What is A/B testing: definition, examples, and tips
A/B testing is a method used to compare two versions (of website landing pages, email copies, ads, product features, etc.) to find out which one is received better by consumers. It takes the guesswork out of deciding what will work best: instead of hoping what you choose is the best version, you have exact data to confirm which option performs better.
A versus B
So, what exactly does A/B testing entail?
At its core, it is sending or sharing two versions of the same copy/website/advertisement with just one difference between versions A and B, and comparing the results depending on the goals of the experiment. Usually, open rate, click-through rate, and conversions are compared.
An A/B test can be as simple as making one call-to-action button orange and the other one blue. Everything else in these two versions is identical. If more people click on the orange button than the blue, you will know that an orange CTA button will bring you a higher click-through rate among this audience.
A/B testing takes assumption out of the equation and gives you an objective answer on how you can change your copy to get better results. A/B testing can also be applied to product features to determine possible improvements. Different audiences respond to different things, and guesswork is not a risk you should take.
Why you should A/B test
First of all, A/B testing is an affordable way to figure out how to improve your copy or product to achieve the best possible results. Anyone can A/B test their email, ad, UI, etc., with little extra effort.
Secondly, while it may take a few trials, in the end, you will find the most effective variation of your copy or product and get valuable insight into what your audience prefers, giving you an advantage in the future.
How to do A/B testing
To do A/B testing correctly, you should only ever test one variable (change) at a time. Testing more than one variable at a time won’t show you which change is responsible for the achieved result.
The variables you can test are limitless. Colors, headlines, words, phrases, images, copywriting formulas, videos, icon placements, and a million other things can be changed and tested to see what leads to higher conversion rates and better CTR.
Here’s how to start:
- Figure out your goal
Do you want a higher open rate? More conversions? Lower bounce rate? Defining your goal means knowing what needs testing, as well as the improvement you’re looking for.
- Pick what element you want to test
There’s little point in testing something that doesn’t affect your main goal. Make sure you’re testing elements and comparing metrics that actually lead to your final goal. For example, comparing your open rate when your main goal is growing conversions won’t necessarily lead to accurate results. In this case, comparing the click-through rate would be more accurate, especially if you’re using UTM tracking. Another example of incorrect test element choice would be testing website footer design to lower bounce rate. Instead, test your website content and overall design.
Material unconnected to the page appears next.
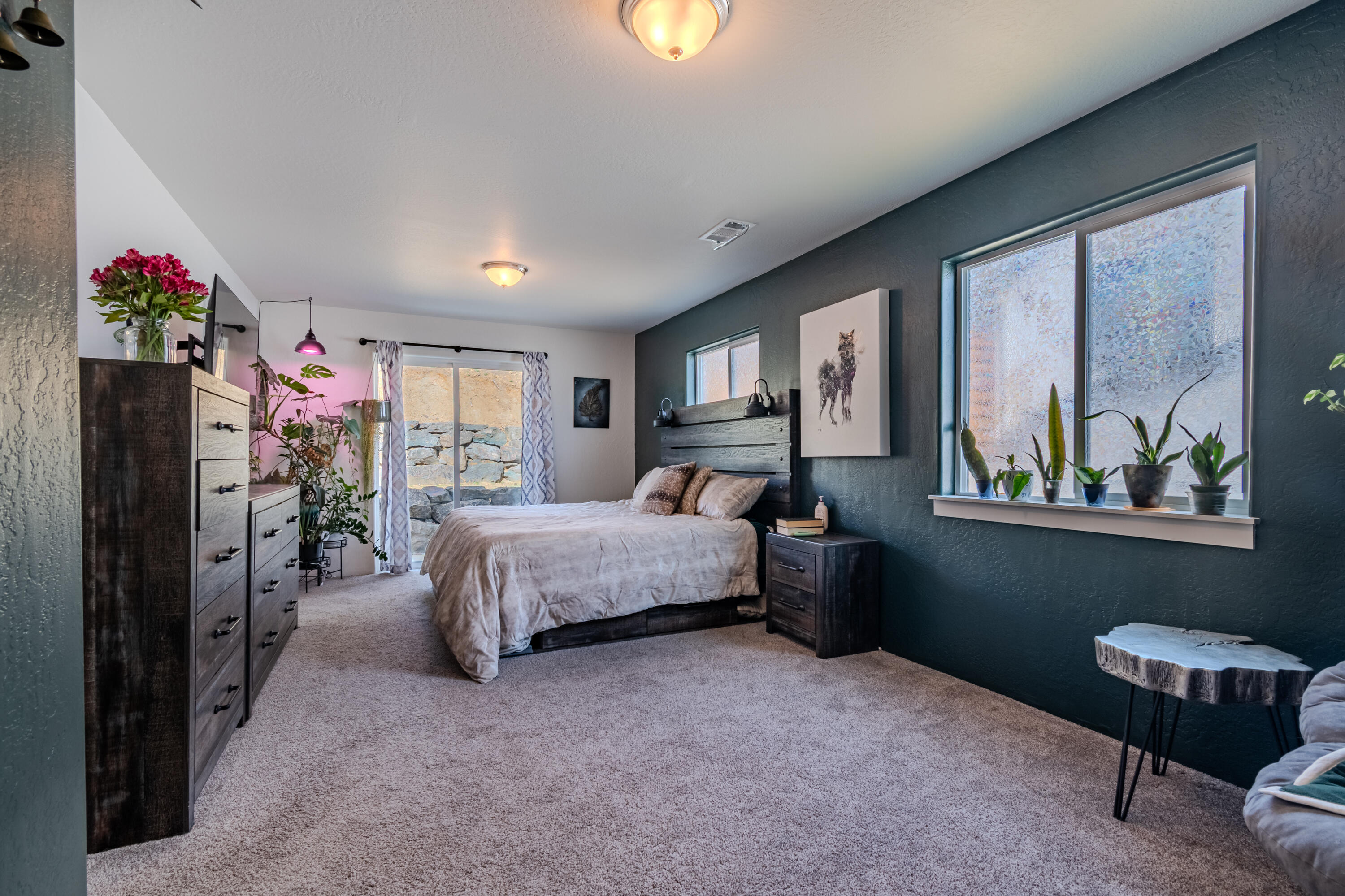21 Cerulean Terrace Eagle Point, OR 97524 - Photo 18 of 30 a spacious bedroom with a bed and a chandelier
- Remember to only A/B test one thing at a time
As we’ve mentioned before, if you are changing multiple variables at once, you will not be able to determine which variable is making the difference, which defeats the purpose of an A/B test.
- Analyze current performance
If you do not know your baseline, you cannot see or compare the changes. Know where you stand so you can see where you are going. Better yet, leave a small control group out of your A/B testing.
- Design the test
Define how long it will run, what data it will gather, the sample size, etc. Set the metrics for your A/B test before releasing it out into the wild. Always split the two groups equally and randomly, and perform the tests simultaneously to get accurate results. Of course, you can perform A/B testing within a specific group or demographic too, but still make sure the split is equal and random.
- Make the change
If you see a clear positive difference between the A and the B (and, of course, the control group, if you’re using it), make the change and reap the benefits. You will find the smallest tweaks can make a big difference, so do not pass up the chance to improve your asset.
- Rinse and repeat
More A/B testing is normally the next step. You want your assets to be as lucrative as possible, so making sure everything is at its best for the consumer is a no-brainer. There is always room for improvement.
It’s easy as ABC
As you have read, there are several steps to successfully running an A/B test, but none of them are particularly hard, or at least not hard enough to abandon the method – and it is certainly better than blindly making changes and just hoping they work.
A/B testing a very effective tool in many aspects of consumer interaction and will help you understand better what works and what doesn’t, which is extremely important in making future decisions.